In November 2015 an article on Inselect was published in PLOS ONE: Hudson LN, Blagoderov V, Heaton A, Holtzhausen P, Livermore L, Price BW, van der Walt S and Smith VS. 2015. Inselect: automating the digitization of natural history collections. PLOS ONE. 10 (11), e0143402. 10.1371/journal.pone.0143402.

In collaboration with the US-based iDigBio, a major national digitisation project funded by the National Science Foundation (NSF), on 29th March 2016 Lawrence Hudson (research software engineer at NHM) and Ben Price (entomology curator at NHM) presented an introductory training webinar on Inselect, “Insights into Inselect Software: automating image processing, barcode reading, and validation of user-defined metadata.” Recording available online here and here.

Talks were given by both Lawrence Hudson (“Inselect - applying computer vision to facilitate rapid record creation and metadata capture”) and Natalie Dale-Skey (entomology curator at NHM; “Streamlining specimen digitisation through the use of Inselect - a curator's perspective”) at the June 2016 SPNHC conference in Berlin. Immediately following the conference, Lawrence Hudson, Natalie Dale-Skey and Ben Price delivered a training session on Inselect at the SYNTHESYS3 and iDigBio joint workshop “Selected tools for automated metadata capture from specimen images.”

Since its launch Inselect has been downloaded over 400 times. Inselect is now being used or evaluated by more than ten NH organisations across at least six countries to assist the digitisation of over microscope slides (in excess of 100,000 at NHM), pinned insect specimens, malaise trap samples and palaeontological specimens.

Subtask 2: Review of tools to select regions of interest in individual specimens to identify different labels, particularly to help with Task 1.2.

This will investigate identifying regions of interest in preparation of images for OCR, to feed into Task 1.2 and Obj. 3.

Participants: Jörg Holetschek (BGBM), Elspeth Haston (RBGE), Sarah Phillips (RBGK)

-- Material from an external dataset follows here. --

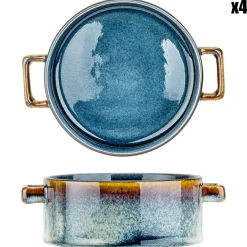 4 Bols à soupe Quintana en porcelaine bleus- D.17x13.5x5 cm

The Deliverable for Task 1.2 resulted in a broad-ranging report covering the use of Optical Character Recognition (OCR), Natural Language Processing (NLP), Handwritten Text Recognition (HTR) for automating the process of text data capture, as well as automating the capture of character data from images.

OCR

The work on the use of OCR was reviewed and trialled across a range of OCR options currently available. The trials involved images representing a variety of material including plants, insects, molluscs and fossils. This work resulted in recommendations for OCR solutions. These included:

  • A server-based option (ABBYY Recognition Server v3)
  • A PC option (ABBYY FineReader v12 Professional)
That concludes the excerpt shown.